Ao contrário deste caminho, o PDM do Funchal surge agora para revisão, sem aviso prévio, com a participação pública resumida a 4 sessões de apresentação e sem uma verdadeira discussão sobre a nova estratégia para a cidade.
O processo da revisão que durou mais de 3 anos, não podia ter sido mais fechado sobre si mesmo, sem que se tivesse vislumbrado o que poderia ir para a discussão pública. A discussão pública, cumpre o prazo regulamentar, de pouco mais de um mês, apanhando Agosto pelo meio! Este processo tem-se revelado assim, a antítese dum processo transparente, claro e participado. Mais uma oportunidade perdida.
Voo 02
Barracada nas Selvagens
As ilhas Selvagens estendem o território português até ao paralelo 30. Não vive lá ninguém. É, contudo, uma reserva natural. Por isso é guardada por elementos do Parque Natural da Madeira para, assim, serem preservados os valores naturais e o equilíbrio ecológico daquele lugar.

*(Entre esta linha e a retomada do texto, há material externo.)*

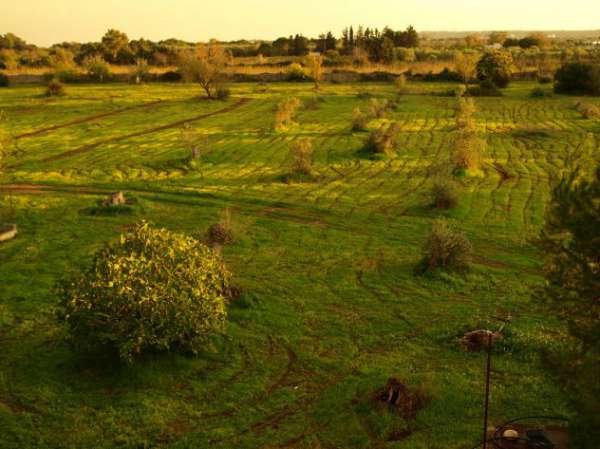Foto Agro di Gallipoli terreno 22000 Mq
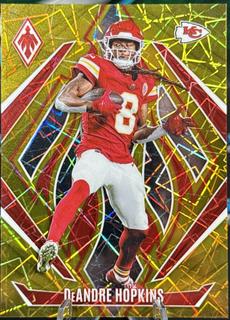 DeAndre Hopkins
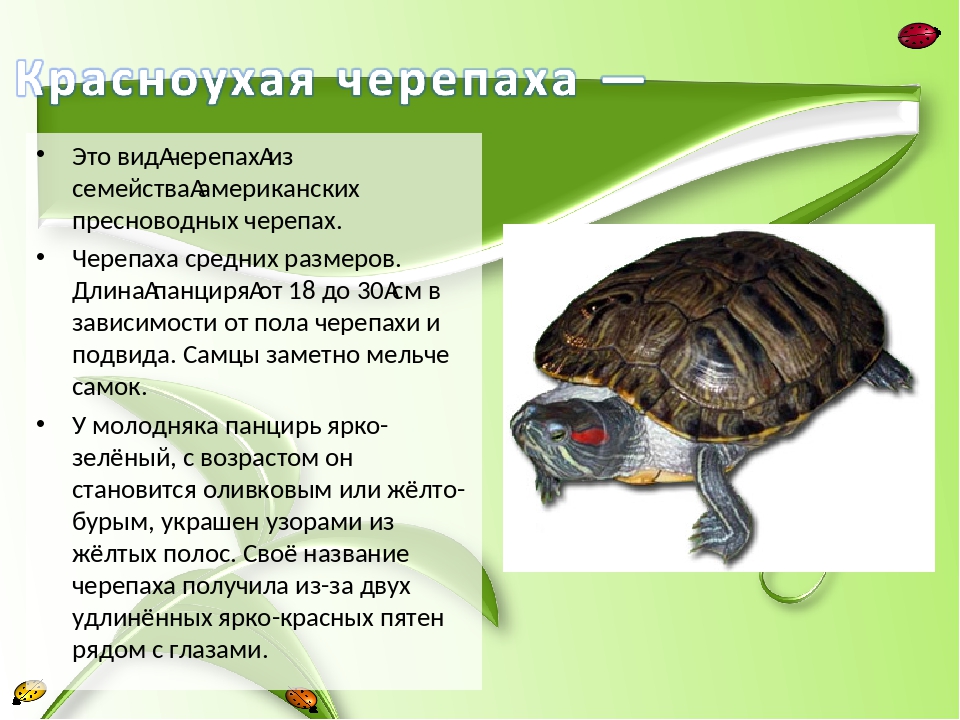 Черепахи особенности строения и представители. Красноухая черепаха земноводная. Презентация про красноухих черепах. Описание черепахи. Красноухая черепаха презентация.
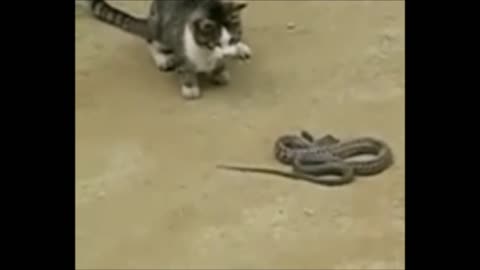 #catvedio | cat and snake competition vedio #rumbleshort #shorts # rumble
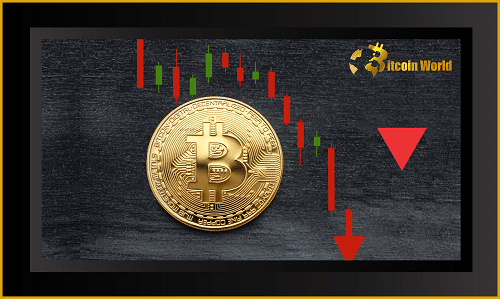 Bitcoin bottom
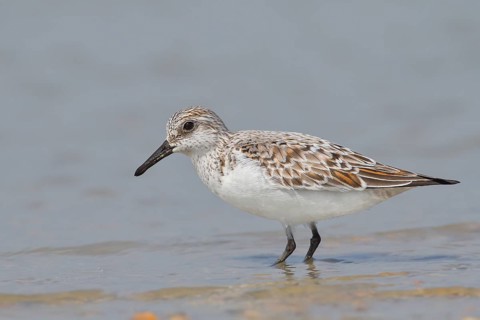 Sanderling (Calidris alba), standing in shallow water, wildlife, nature photography, wading bird,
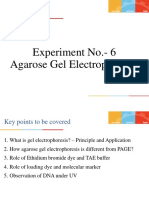 Experiment No.-6 Agarose Gel Electrophoresis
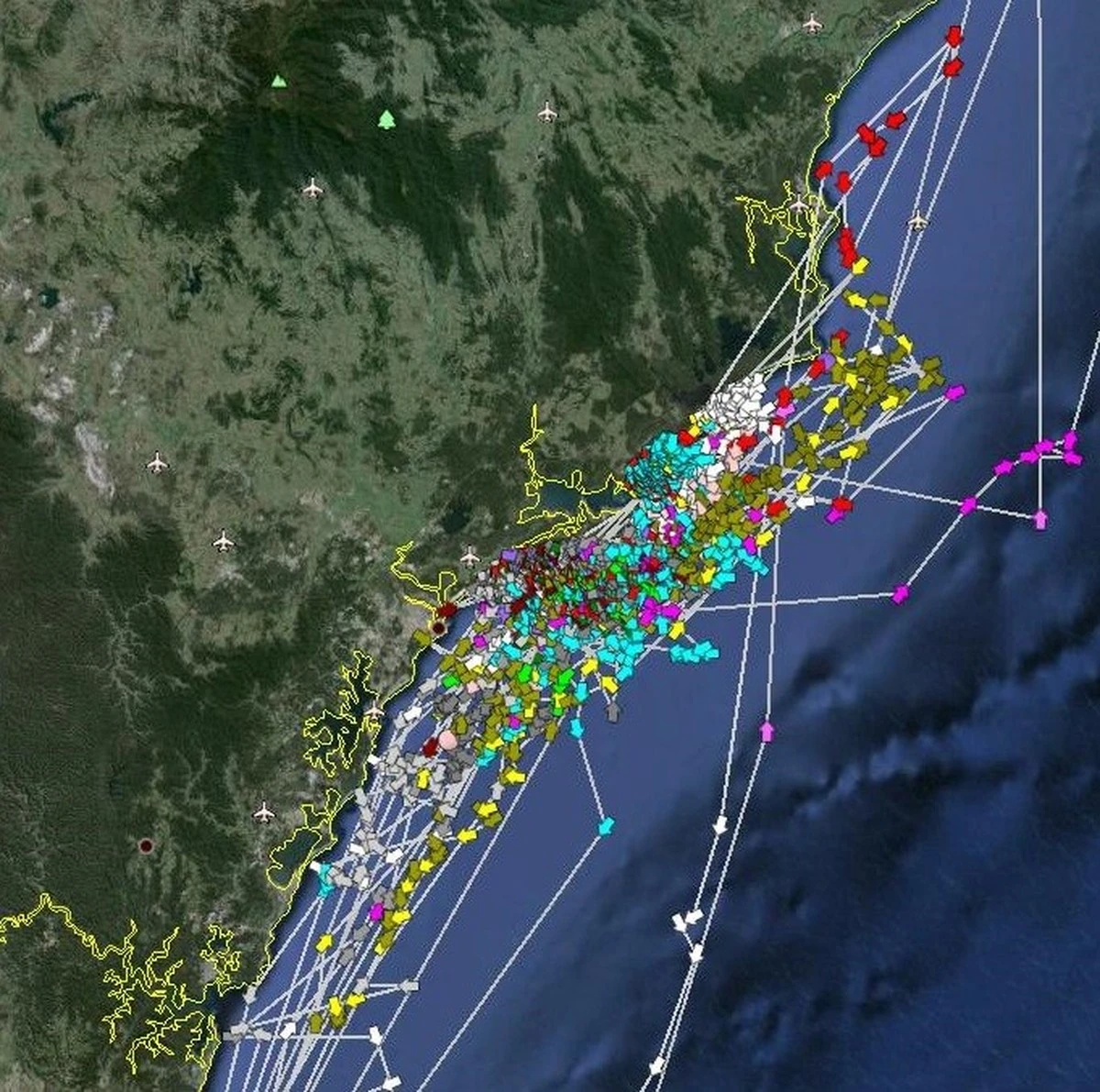 Warum dieser 750-Kilo-Hai vier Monate lang spurlos verschwand – und was Forscher jetzt hoffen - image 1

Para acolher os guardas e os visitantes, ali foram sendo feitas algumas construções avulsas, sem preocupações arquitetónicas, de enquadramento paisagístico e que dignificassem a presença dos portugueses naquele território longínquo, também cobiçado pelos espanhóis.
O somatório das várias construções é pouco diferente do que vemos em bairros de génese ilegal. Porém, a certa altura, há cerca de dois anos, a Secretaria Regional do Ambiente, através do Parque Natural, organizou um concurso de ideias de arquitetura, em conjunto com a Ordem dos Arquitetos, para escolher a ideia e a equipa que desenvolveria dois projetos, um para cada uma das ilhas, com o objetivo de substituir aquele arraial de barracas que poluem o parque natural.

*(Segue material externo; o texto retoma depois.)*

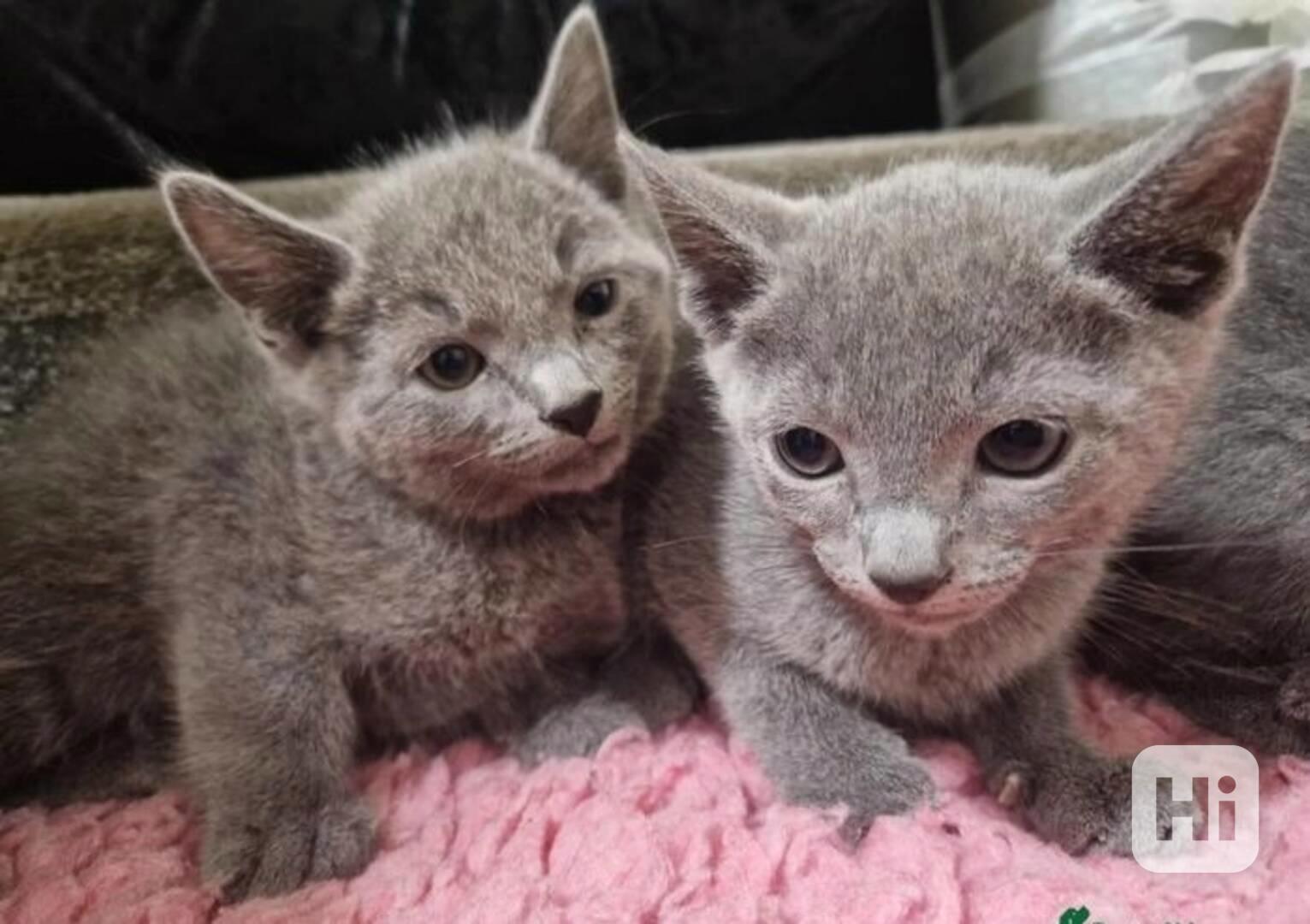 Zdravá koťata ruské modré kočky potřebují novou rodinu - foto 1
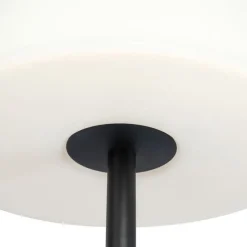 Smart vloerlamp zwart met witte kap 35 cm IP65 incl. LED - Virginia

Mas a jovem equipa que venceu, rapidamente foi sendo posta de parte e o projeto esquecido.
Ao revés, construiu-se mais uma barraca para a Marinha e deu-se uma pintura para disfarçar, inaugurou-se a barracaria com ministro, secretária regional e tirou-se uma fotografia. Uma fotografia que, espero bem, não apareça na imprensa espanhola, pois seria certamente motivo de troça sobre a maneira como Portugal trata o seu parque natural mais antigo, com o estilo provisório/definitivo.
Voo 03
Aterragem no Porto Santo – o paraíso incompreendido
Tomara que os portosantenses valorizem os encantos da sua ilha e a possam encaminhar para se transformar num produto turístico diferente, ecológico, calmo, que contribua para a sua sustentabilidade e qualidade de vida das suas gentes.